WORK TO COMPLETE:
Look for "Loopsun Kids Boys" in the entries below. Write out that line and all later lines exactly, ending with the final one.

DATASET:
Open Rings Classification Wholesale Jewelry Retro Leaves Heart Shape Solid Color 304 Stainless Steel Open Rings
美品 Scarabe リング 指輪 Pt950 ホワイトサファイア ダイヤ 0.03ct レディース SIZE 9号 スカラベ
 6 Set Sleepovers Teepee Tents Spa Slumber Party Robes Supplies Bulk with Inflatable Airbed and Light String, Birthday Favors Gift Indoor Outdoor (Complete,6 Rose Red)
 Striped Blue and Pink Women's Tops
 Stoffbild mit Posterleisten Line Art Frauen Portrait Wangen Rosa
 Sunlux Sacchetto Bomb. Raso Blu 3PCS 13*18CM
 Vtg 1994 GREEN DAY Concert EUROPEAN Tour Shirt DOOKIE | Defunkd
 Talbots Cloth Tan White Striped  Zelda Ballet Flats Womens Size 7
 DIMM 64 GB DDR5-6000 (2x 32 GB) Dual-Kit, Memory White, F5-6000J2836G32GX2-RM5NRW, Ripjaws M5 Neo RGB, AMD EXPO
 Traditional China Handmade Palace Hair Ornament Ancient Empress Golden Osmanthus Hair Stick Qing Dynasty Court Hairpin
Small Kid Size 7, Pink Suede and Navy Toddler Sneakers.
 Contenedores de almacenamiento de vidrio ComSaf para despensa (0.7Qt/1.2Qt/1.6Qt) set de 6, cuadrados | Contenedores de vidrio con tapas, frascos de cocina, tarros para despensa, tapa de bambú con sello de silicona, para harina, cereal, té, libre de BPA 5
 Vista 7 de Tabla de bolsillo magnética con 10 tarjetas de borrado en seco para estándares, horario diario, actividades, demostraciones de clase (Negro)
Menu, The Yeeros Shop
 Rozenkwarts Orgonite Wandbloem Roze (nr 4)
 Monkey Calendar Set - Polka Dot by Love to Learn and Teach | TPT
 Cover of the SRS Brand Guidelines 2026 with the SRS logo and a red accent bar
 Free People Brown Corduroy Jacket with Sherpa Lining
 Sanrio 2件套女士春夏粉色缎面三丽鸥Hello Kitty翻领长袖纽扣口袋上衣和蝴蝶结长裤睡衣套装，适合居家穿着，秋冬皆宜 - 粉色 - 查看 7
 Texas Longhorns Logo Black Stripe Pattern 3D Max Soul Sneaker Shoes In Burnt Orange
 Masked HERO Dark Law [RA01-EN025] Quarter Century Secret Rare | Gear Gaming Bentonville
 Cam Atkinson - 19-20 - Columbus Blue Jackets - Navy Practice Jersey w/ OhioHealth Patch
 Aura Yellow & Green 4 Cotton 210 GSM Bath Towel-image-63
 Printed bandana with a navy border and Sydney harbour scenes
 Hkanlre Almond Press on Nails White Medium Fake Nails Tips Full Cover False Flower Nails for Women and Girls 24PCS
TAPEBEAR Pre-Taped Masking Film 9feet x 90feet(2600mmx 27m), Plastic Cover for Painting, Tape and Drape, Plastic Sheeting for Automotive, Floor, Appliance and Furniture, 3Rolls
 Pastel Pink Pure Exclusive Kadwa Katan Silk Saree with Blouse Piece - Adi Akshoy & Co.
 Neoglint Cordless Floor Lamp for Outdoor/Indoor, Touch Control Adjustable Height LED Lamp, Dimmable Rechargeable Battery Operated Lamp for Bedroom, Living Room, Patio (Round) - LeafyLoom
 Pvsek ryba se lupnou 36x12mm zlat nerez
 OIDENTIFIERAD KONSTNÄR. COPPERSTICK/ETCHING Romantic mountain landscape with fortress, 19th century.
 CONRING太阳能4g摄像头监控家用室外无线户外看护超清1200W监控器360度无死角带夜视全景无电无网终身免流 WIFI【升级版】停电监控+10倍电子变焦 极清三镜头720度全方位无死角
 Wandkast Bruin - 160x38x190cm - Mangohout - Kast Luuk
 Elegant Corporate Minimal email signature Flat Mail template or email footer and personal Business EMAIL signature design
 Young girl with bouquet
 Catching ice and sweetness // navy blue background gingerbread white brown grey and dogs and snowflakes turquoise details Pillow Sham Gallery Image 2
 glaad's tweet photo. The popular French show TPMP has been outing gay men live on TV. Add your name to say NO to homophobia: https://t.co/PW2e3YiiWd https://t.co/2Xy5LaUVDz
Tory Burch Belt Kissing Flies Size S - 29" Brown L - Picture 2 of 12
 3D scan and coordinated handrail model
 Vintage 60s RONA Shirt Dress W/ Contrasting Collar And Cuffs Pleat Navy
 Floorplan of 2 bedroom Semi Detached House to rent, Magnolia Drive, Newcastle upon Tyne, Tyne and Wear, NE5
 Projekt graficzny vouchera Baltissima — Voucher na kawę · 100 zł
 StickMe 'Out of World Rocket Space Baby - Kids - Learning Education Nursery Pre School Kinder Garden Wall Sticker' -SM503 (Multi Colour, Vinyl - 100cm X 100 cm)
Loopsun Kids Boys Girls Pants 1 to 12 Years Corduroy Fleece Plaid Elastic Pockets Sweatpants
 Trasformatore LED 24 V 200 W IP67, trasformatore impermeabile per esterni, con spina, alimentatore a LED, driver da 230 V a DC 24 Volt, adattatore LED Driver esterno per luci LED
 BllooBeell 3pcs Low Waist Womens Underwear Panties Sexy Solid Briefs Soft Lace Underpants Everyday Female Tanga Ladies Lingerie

EXERCISE ANSWER:
Loopsun Kids Boys Girls Pants 1 to 12 Years Corduroy Fleece Plaid Elastic Pockets Sweatpants
 Trasformatore LED 24 V 200 W IP67, trasformatore impermeabile per esterni, con spina, alimentatore a LED, driver da 230 V a DC 24 Volt, adattatore LED Driver esterno per luci LED
 BllooBeell 3pcs Low Waist Womens Underwear Panties Sexy Solid Briefs Soft Lace Underpants Everyday Female Tanga Ladies Lingerie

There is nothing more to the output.